Dass es letztlich nicht geklappt hat - das merkt man ihm an - hat für Höller keine Welt zusammenstürzen lassen. Stattdessen bleibt sein Fazit pragmatisch: "Ich selbst dachte mir, dass ich in 20, 30 Jahren meinen Kindern und hoffentlich irgendwann meinen Enkelkindern sagen will, dass ich es versucht und alles gegeben habe. Darauf kann ich viel stolzer sein als wenn ich es gar nicht erst versucht hätte."
Der nächste Football-Film kommt bestimmt!

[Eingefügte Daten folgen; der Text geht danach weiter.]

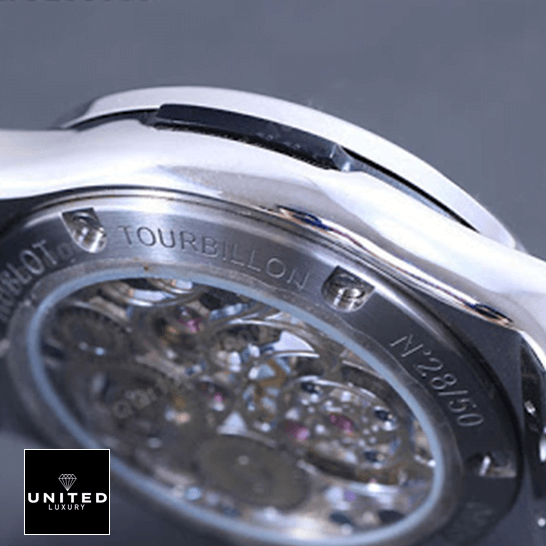 hubthtlot Classic Fusion Tourbillion N28/50 Replica stainless steel case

Und das Feedback für den Film? "Teilweise wurde ich schon gefragt, ob und wann ein nächster Teil rauskommt. Der wäre dann natürlich nicht mehr über mich. Die Medienpräsenz war schon etwas größer als sonst. Aber das Drumherum hat mich nicht wirklich beeinflusst. Manchmal, wenn ich beim Football war, haben mich die Leute darauf angesprochen. Aber das Feedback war durchaus positiv", berichtete Höller.
Er selbst spielt aktuell übrigens wieder in Köln bei den Crocodiles - neben seinem Studium in Tübingen. Losgelassen hat ihn das Football-Fieber mitnichten, auch die Ex-Kollegen schaut er sich gerne noch an, auch wenn er zugibt: "Das tut manchmal auch weh, man kennt 80 Prozent der Jungs genau, weiß, welchen Spielzug sie jetzt spielen - und ärgert sich umso mehr, dass man selbst nicht dabei ist. Wenn sie verlieren, weißt du haargenau, was da jetzt abgeht; das ist schon ein sehr mulmiges Gefühl und tut auch weh, das muss ich ehrlich sagen."
Klar ist schon jetzt, dass es nicht die letzte Football-Doku der beiden Filmemacher gewesen sein soll. "Wie schon angesprochen hat uns das Football-Fieber schon länger gepackt. Wir planen definitiv schon weiter, aber sind im Moment noch fleißig und geben den Leuten bald bekannt, was es genau ist. Es wird definitiv wieder um Football gehen und einen deutschen Bezug wird es auch geben", kündigte Fabian Jänsch gegenüber SPOX an.
Nico Baumbach machte es noch spannender: "Es gibt bald Neuigkeiten!"